-- Task description --
Pictures do not belong in your copy. Repeat all the other data exactly.
##############################
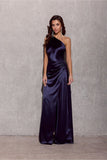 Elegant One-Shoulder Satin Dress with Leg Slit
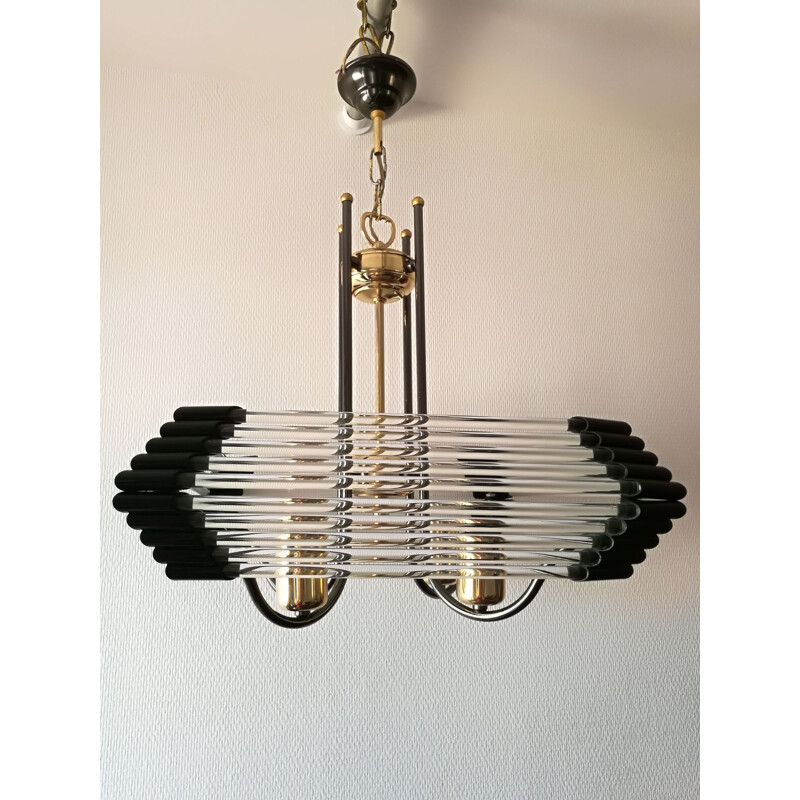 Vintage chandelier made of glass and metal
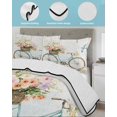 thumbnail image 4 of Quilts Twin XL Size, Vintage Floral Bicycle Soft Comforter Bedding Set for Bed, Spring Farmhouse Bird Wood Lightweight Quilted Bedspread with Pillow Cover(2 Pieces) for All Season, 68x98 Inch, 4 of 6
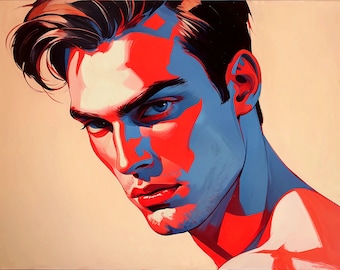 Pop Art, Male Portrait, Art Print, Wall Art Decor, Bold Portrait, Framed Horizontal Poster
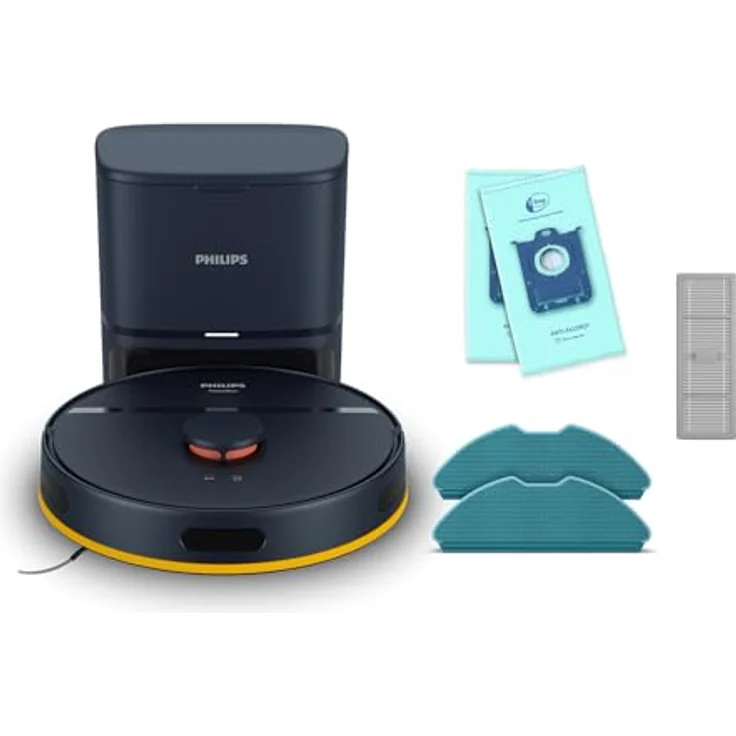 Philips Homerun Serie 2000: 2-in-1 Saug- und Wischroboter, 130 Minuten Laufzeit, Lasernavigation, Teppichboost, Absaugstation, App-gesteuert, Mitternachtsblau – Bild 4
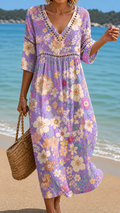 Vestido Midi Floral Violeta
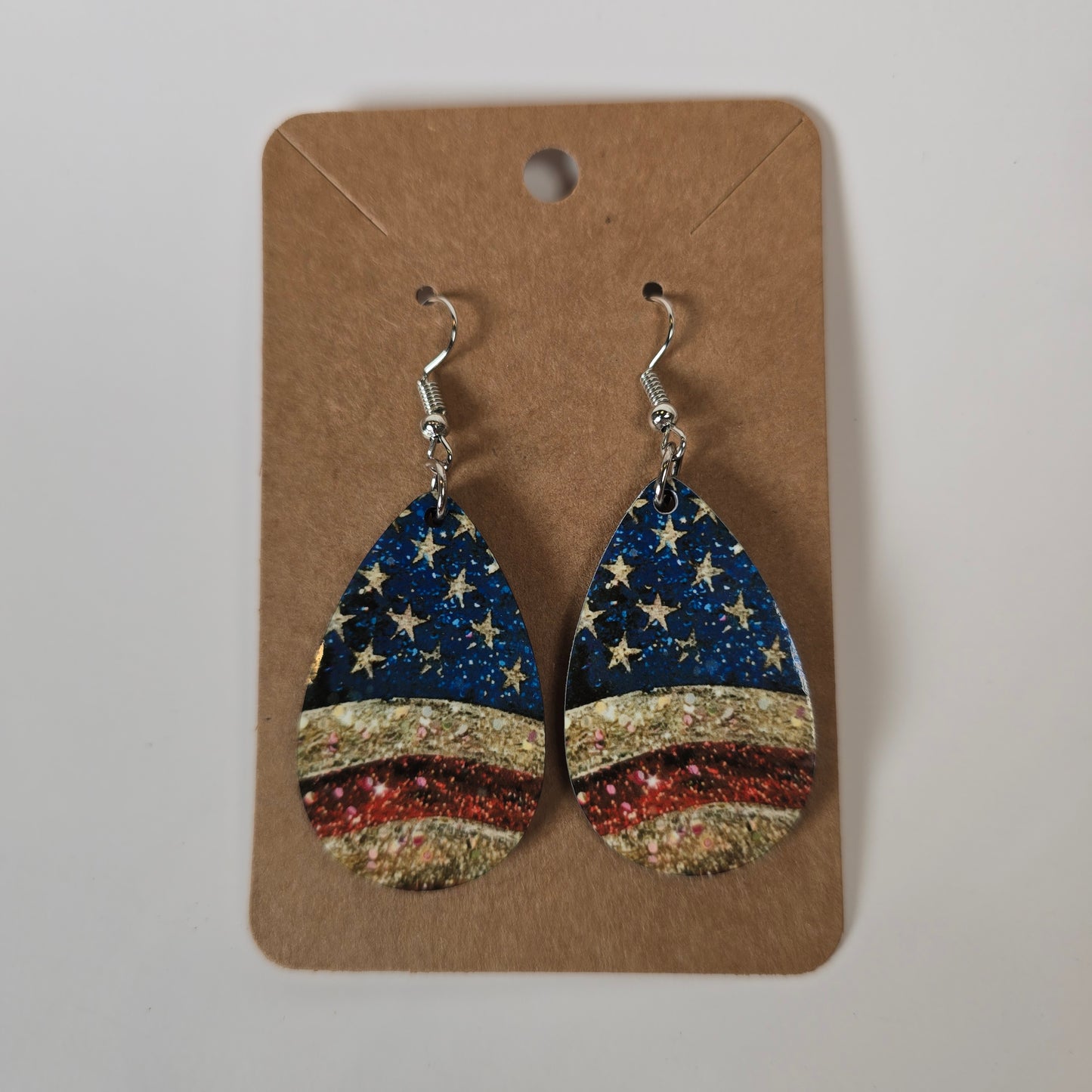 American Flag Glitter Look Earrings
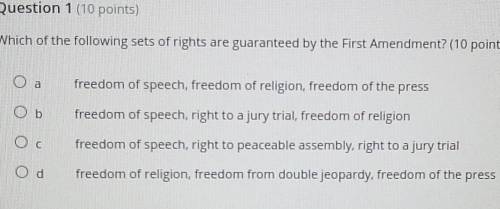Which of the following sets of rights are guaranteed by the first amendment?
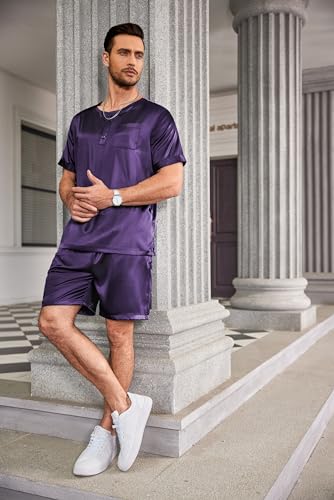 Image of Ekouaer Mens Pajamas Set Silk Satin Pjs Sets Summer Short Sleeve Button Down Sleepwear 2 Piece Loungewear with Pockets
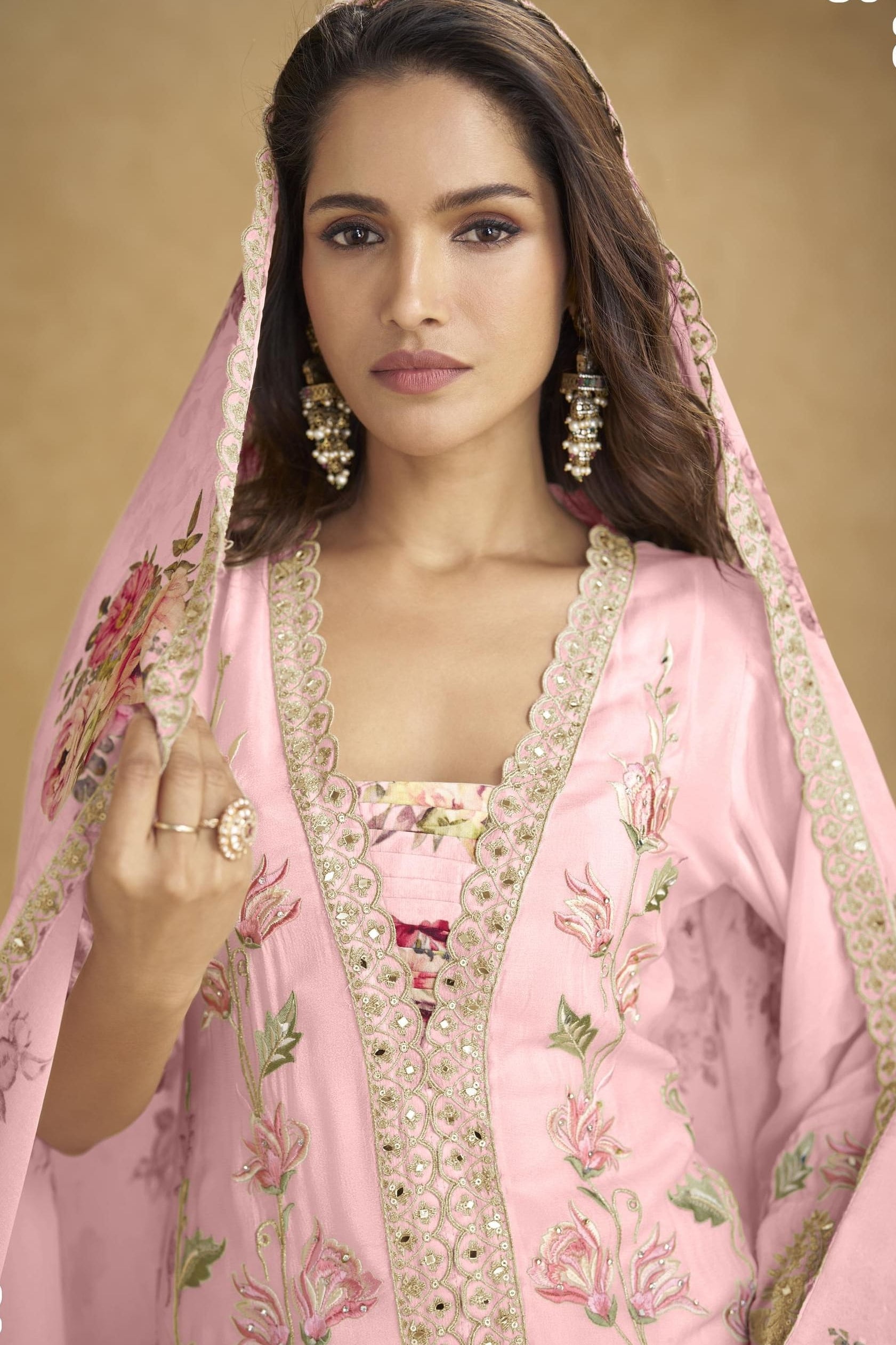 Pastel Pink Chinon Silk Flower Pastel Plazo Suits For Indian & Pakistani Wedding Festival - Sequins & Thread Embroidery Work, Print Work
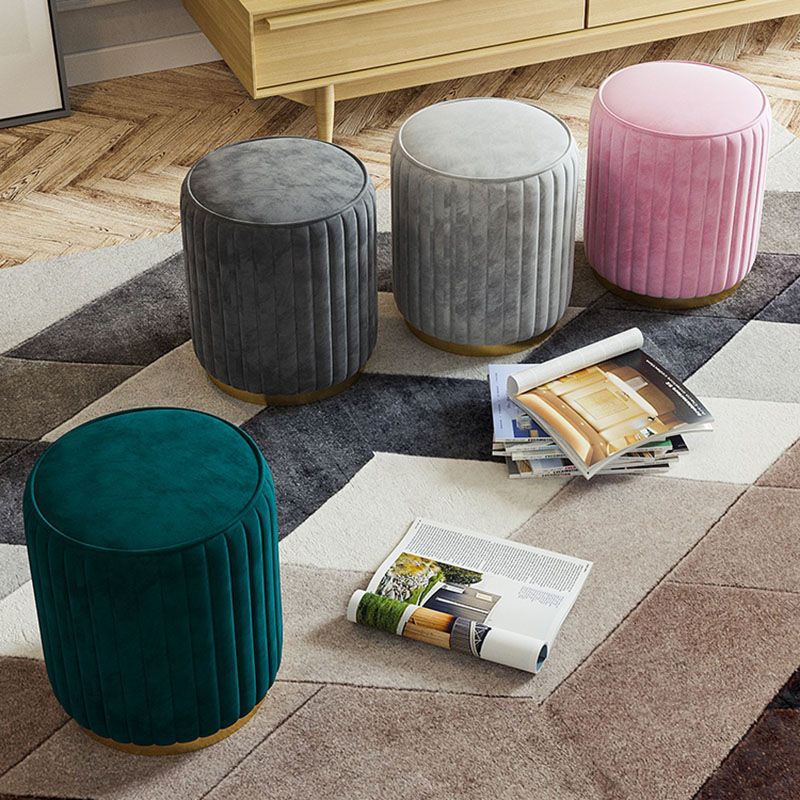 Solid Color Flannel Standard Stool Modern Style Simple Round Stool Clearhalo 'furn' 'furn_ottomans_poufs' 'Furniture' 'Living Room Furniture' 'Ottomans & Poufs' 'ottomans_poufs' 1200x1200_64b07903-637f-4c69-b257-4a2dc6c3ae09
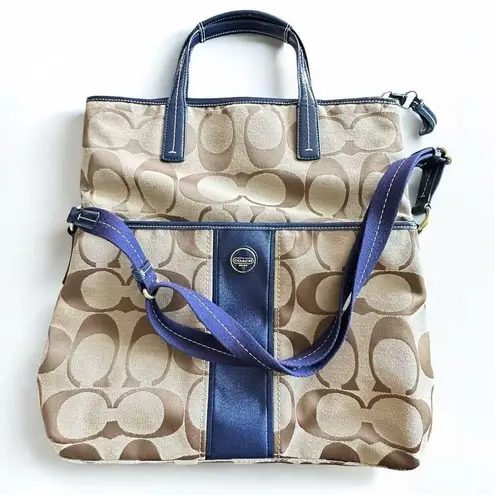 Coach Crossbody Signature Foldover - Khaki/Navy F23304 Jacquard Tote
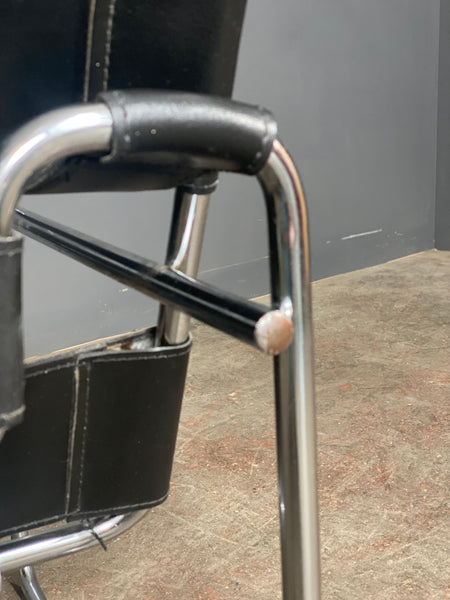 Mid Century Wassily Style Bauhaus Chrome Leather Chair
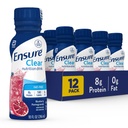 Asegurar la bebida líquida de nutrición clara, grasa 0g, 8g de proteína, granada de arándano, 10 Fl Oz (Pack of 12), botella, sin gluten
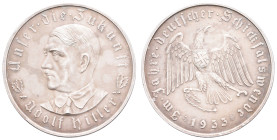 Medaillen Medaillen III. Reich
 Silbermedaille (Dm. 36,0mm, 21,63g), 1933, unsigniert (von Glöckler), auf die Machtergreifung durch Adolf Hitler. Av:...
##############################
-- Reply to the task --
 Elegant One-Shoulder Satin Dress with Leg Slit
 Vintage chandelier made of glass and metal
 thumbnail image 4 of Quilts Twin XL Size, Vintage Floral Bicycle Soft Comforter Bedding Set for Bed, Spring Farmhouse Bird Wood Lightweight Quilted Bedspread with Pillow Cover(2 Pieces) for All Season, 68x98 Inch, 4 of 6
 Pop Art, Male Portrait, Art Print, Wall Art Decor, Bold Portrait, Framed Horizontal Poster
 Philips Homerun Serie 2000: 2-in-1 Saug- und Wischroboter, 130 Minuten Laufzeit, Lasernavigation, Teppichboost, Absaugstation, App-gesteuert, Mitternachtsblau – Bild 4
 Vestido Midi Floral Violeta
 American Flag Glitter Look Earrings
Which of the following sets of rights are guaranteed by the first amendment?
 Image of Ekouaer Mens Pajamas Set Silk Satin Pjs Sets Summer Short Sleeve Button Down Sleepwear 2 Piece Loungewear with Pockets
 Pastel Pink Chinon Silk Flower Pastel Plazo Suits For Indian & Pakistani Wedding Festival - Sequins & Thread Embroidery Work, Print Work
 Solid Color Flannel Standard Stool Modern Style Simple Round Stool Clearhalo 'furn' 'furn_ottomans_poufs' 'Furniture' 'Living Room Furniture' 'Ottomans & Poufs' 'ottomans_poufs' 1200x1200_64b07903-637f-4c69-b257-4a2dc6c3ae09
 Coach Crossbody Signature Foldover - Khaki/Navy F23304 Jacquard Tote
 Mid Century Wassily Style Bauhaus Chrome Leather Chair
 Asegurar la bebida líquida de nutrición clara, grasa 0g, 8g de proteína, granada de arándano, 10 Fl Oz (Pack of 12), botella, sin gluten
 Medaillen Medaillen III. Reich
 Silbermedaille (Dm. 36,0mm, 21,63g), 1933, unsigniert (von Glöckler), auf die Machtergreifung durch Adolf Hitler. Av:...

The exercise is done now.